ONE early afternoon in late July, I remedy the fatigue of a humidity-induced sleepless night with a double espresso the shade of tar. Promptly, I down it, proceed to consult my pocket-sized leather notebook, nod once in approval, then exchange it for my treasured copy of the best-selling winner of the 2021 Costa First Novel Award 'Open Water' – a romance and exploration of Black art, trauma and masculinity in modern Britain dripping with lyricism.

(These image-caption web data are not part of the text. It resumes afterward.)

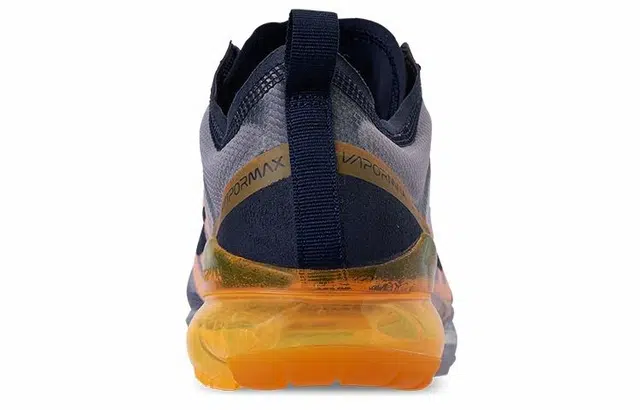 Nike VaporMax 2019 Midnight Navy Laser Orange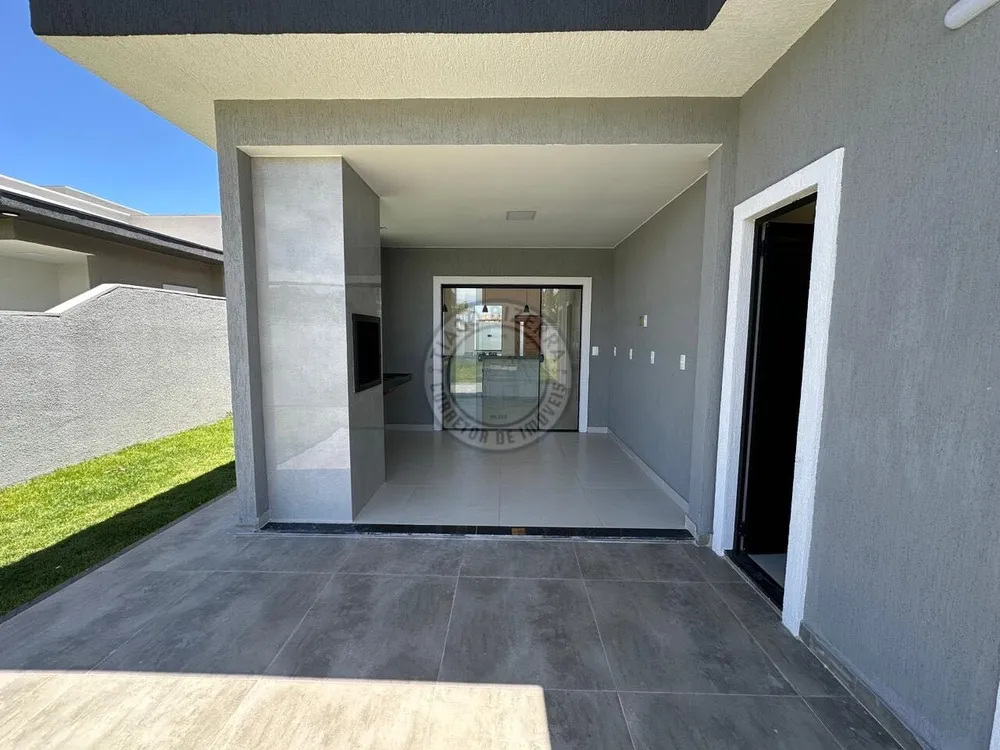 Casa, 3 quartos, 130 m² - Foto 8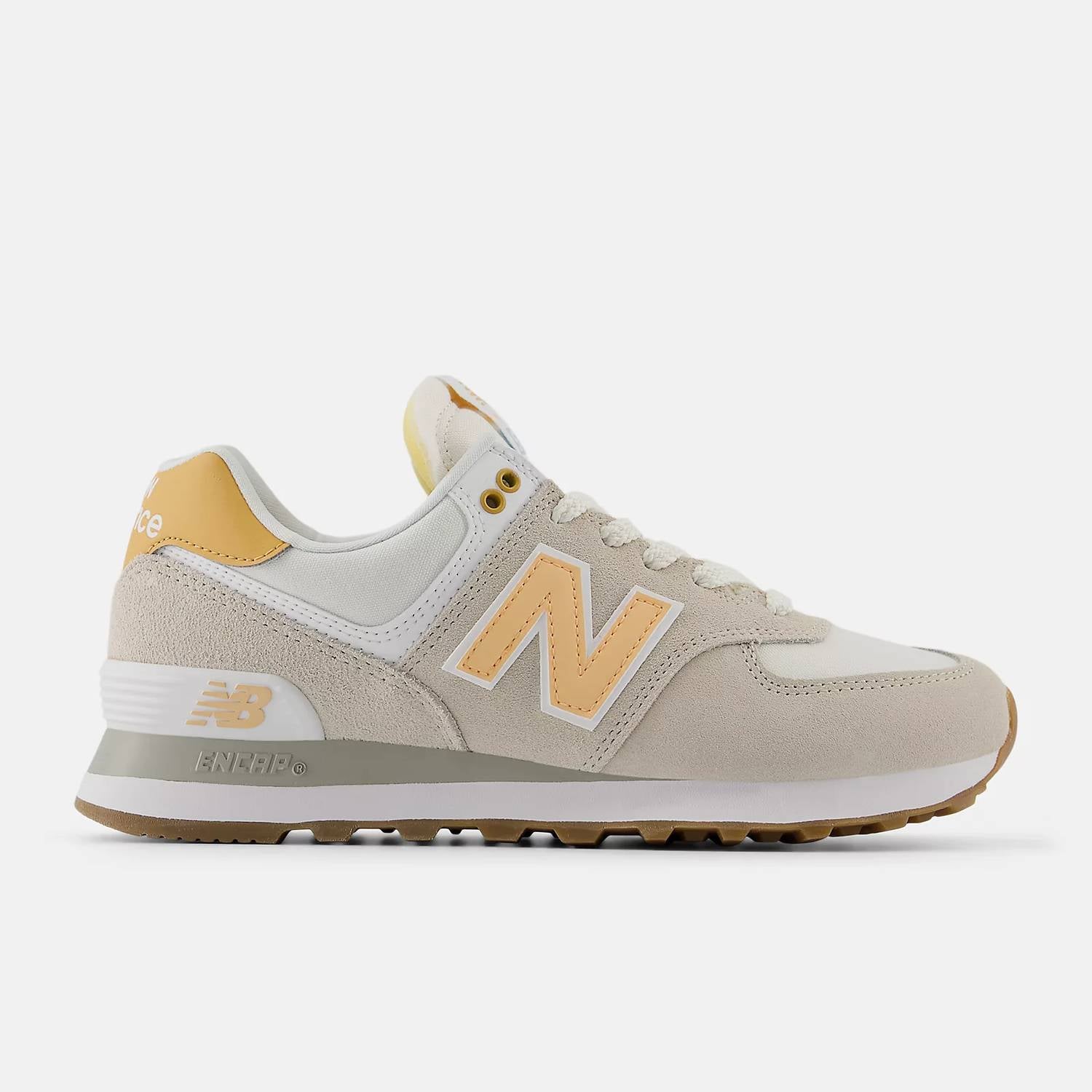 New Balance - Women's 574 V2 Sneaker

In less than a minute, I leave Armagh’s Market Place Theatre and Arts Centre café, ascend the stairs, and join a queue to a table. Now I am mere feet away from the novel’s author, the British-Ghanaian writer and photographer Caleb Azumah Nelson, who has just finished an hour long ‘In Conversation’ event where he was discussing his latest novel with The Raptures writer Jan Carson for the 36th John Hewitt Society International Summer School.
Published in May, Small Worlds is a British-Ghanaian musician’s coming-of-age tale set between the summers of 2010 and 2012. By elegant design, Nelson’s musical prose memorialises intergenerational Black-British experiences. From Peckham, South London, to Accra, Ghana, Nelson’s novel reads like a ceaseless song, the jubilant blast of Stephen’s trumpet a defiant scream into the abyss of racial inequality, gentrification and systemic violence.
Rather than surrender to de-humanising erasure, in celebration of the closely orbiting worlds of family, faith, camaraderie and love that they inhabit and ”build for [themselves]”, Stephen and his community surrender to themselves whenever they do “the one thing that can solve most of [their] problems”: dancing and music. This artistic expression provides ecstatic liberation and an understanding of what Nelson refers to as one's “internal rhythms”.
Following a brief exchange of anecdotes and praise for his work, a now autographed copy of Open Water in my hand, enthralled, I ask Nelson to describe what the concept of “internal rhythms” means to him; he replies: “I asked myself to really listen to myself, and listen to my own internal rhythms […]what it could mean to not only understand my rhythms, but try to break them as well.”